■ **Exercise**
Please set down exactly the lines of the listing below from the line containing "Rustic Farmhouse Wooden" through the line containing "Hollister - Crochet-style", both lines included, leaving out all other lines.

■ **Input data**
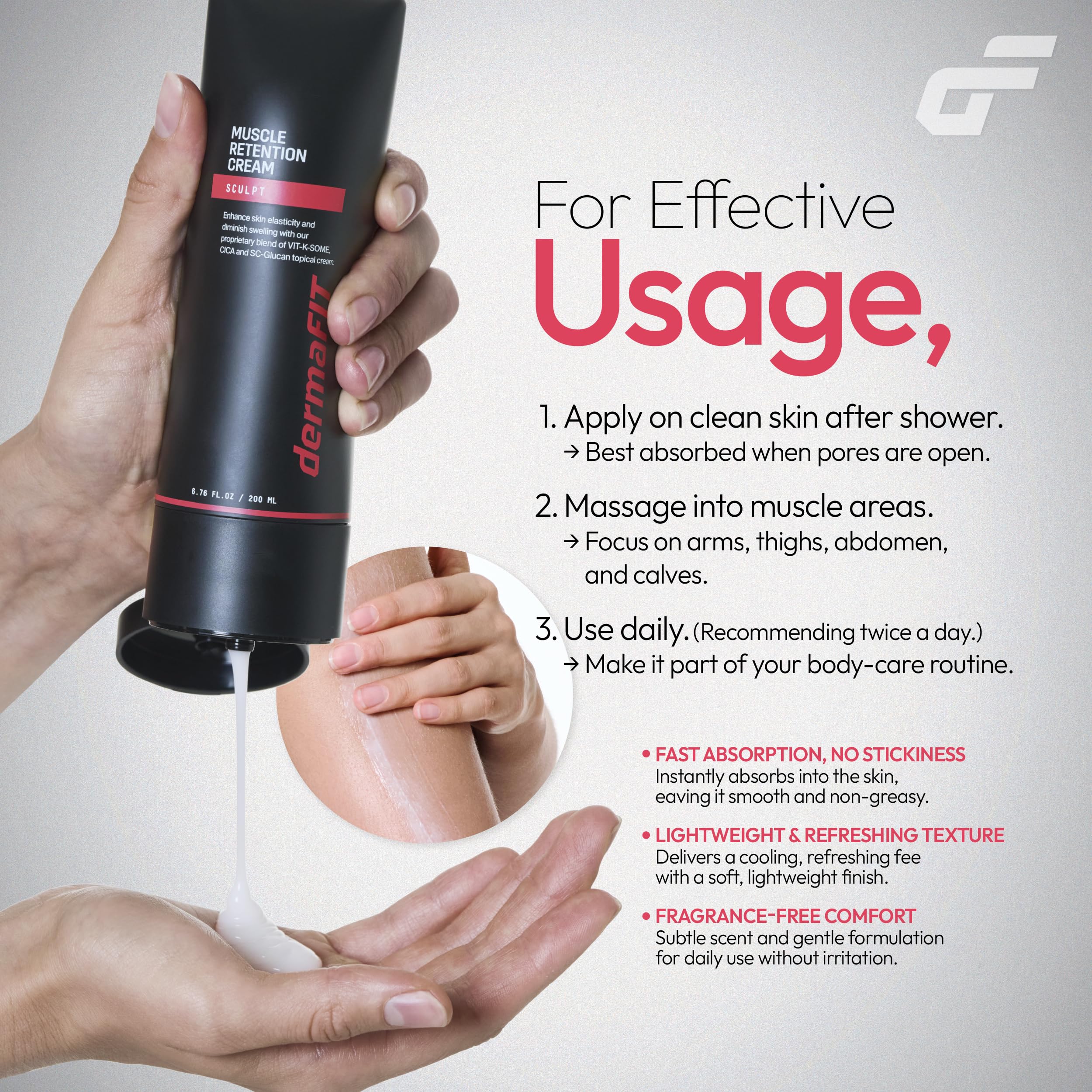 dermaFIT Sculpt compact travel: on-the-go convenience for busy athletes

---

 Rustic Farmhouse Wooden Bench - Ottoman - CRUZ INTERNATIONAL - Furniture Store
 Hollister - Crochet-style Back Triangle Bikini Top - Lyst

■ **Answer below**
 Rustic Farmhouse Wooden Bench - Ottoman - CRUZ INTERNATIONAL - Furniture Store
 Hollister - Crochet-style Back Triangle Bikini Top - Lyst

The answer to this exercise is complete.